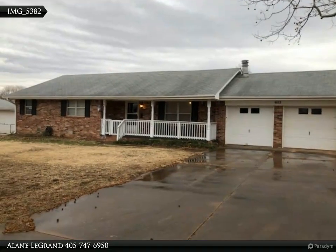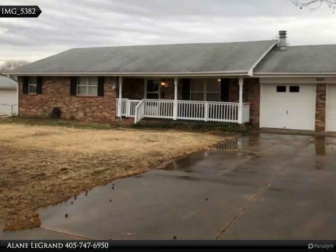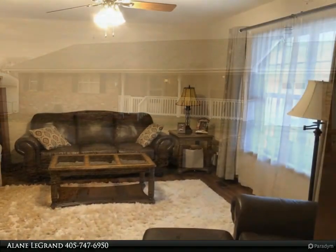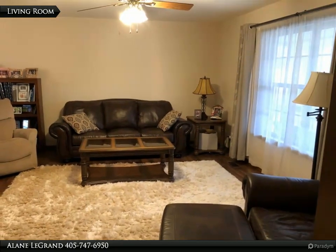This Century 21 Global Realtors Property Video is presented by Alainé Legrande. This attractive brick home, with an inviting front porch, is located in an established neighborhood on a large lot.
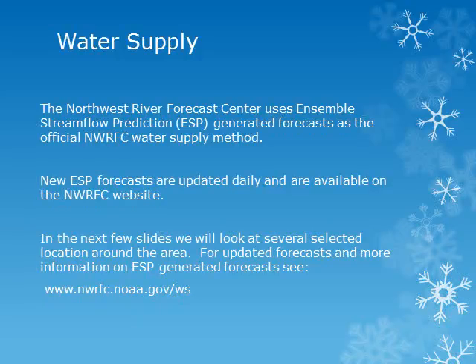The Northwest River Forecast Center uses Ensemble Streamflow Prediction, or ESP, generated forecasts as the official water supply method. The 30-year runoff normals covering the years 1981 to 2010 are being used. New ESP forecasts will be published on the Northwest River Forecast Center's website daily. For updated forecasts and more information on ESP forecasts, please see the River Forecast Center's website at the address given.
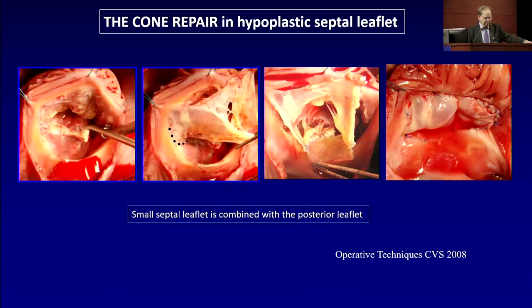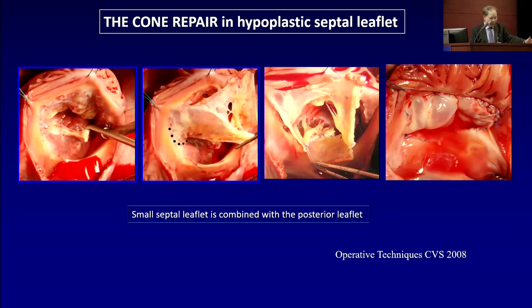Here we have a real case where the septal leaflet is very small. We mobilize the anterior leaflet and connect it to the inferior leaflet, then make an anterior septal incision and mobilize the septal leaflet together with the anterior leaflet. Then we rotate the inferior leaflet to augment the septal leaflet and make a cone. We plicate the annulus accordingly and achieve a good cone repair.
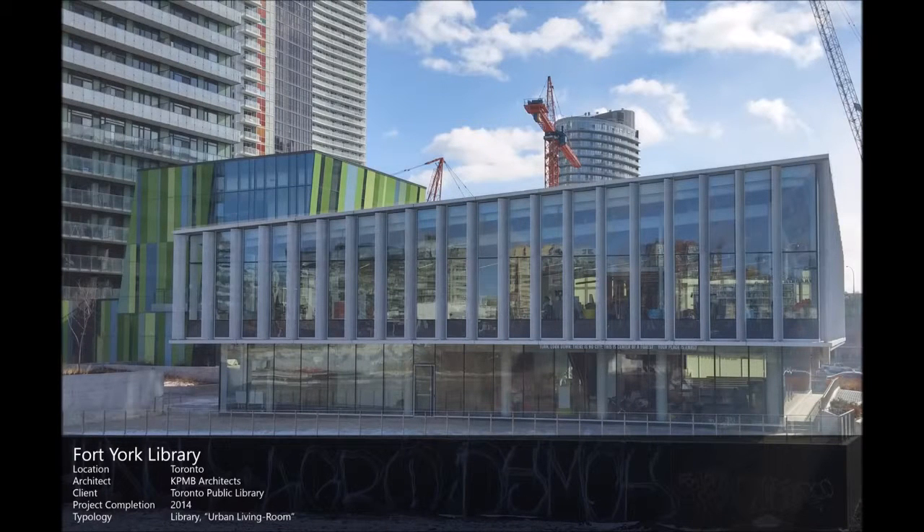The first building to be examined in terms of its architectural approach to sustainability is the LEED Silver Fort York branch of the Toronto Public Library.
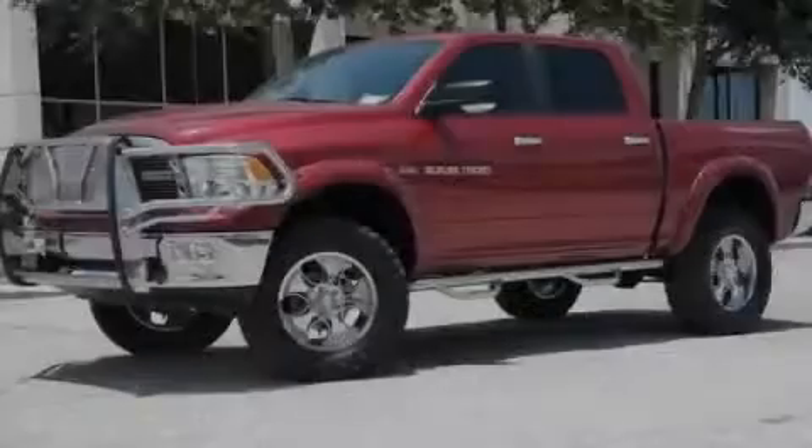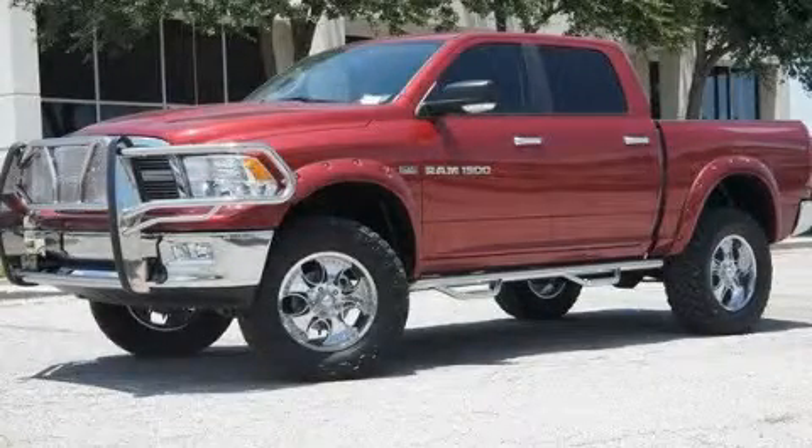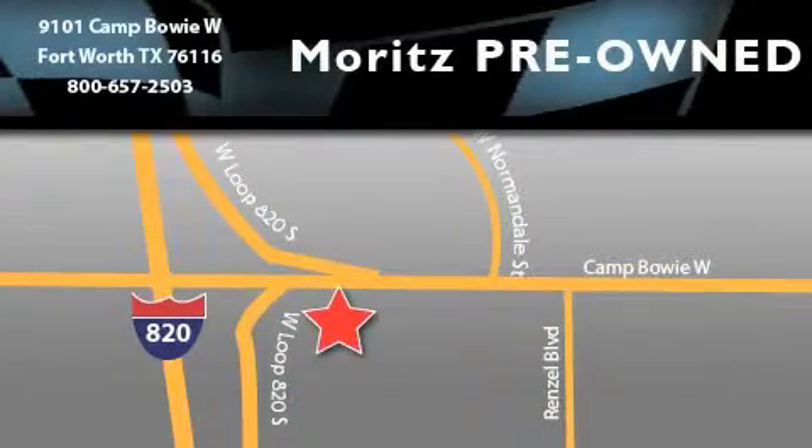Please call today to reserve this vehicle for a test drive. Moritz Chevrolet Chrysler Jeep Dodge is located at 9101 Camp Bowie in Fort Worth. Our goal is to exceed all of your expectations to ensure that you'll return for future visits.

------------------------------------------------------------

* What you have to do: No pictures, please. Output the listing above exactly as it stands.

* Solution:
This Century 21 Global Realtors Property Video is presented by Alainé Legrande. This attractive brick home, with an inviting front porch, is located in an established neighborhood on a large lot.
The Northwest River Forecast Center uses Ensemble Streamflow Prediction, or ESP, generated forecasts as the official water supply method. The 30-year runoff normals covering the years 1981 to 2010 are being used. New ESP forecasts will be published on the Northwest River Forecast Center's website daily. For updated forecasts and more information on ESP forecasts, please see the River Forecast Center's website at the address given.
Here we have a real case where the septal leaflet is very small. We mobilize the anterior leaflet and connect it to the inferior leaflet, then make an anterior septal incision and mobilize the septal leaflet together with the anterior leaflet. Then we rotate the inferior leaflet to augment the septal leaflet and make a cone. We plicate the annulus accordingly and achieve a good cone repair.
The first building to be examined in terms of its architectural approach to sustainability is the LEED Silver Fort York branch of the Toronto Public Library.
Please call today to reserve this vehicle for a test drive. Moritz Chevrolet Chrysler Jeep Dodge is located at 9101 Camp Bowie in Fort Worth. Our goal is to exceed all of your expectations to ensure that you'll return for future visits.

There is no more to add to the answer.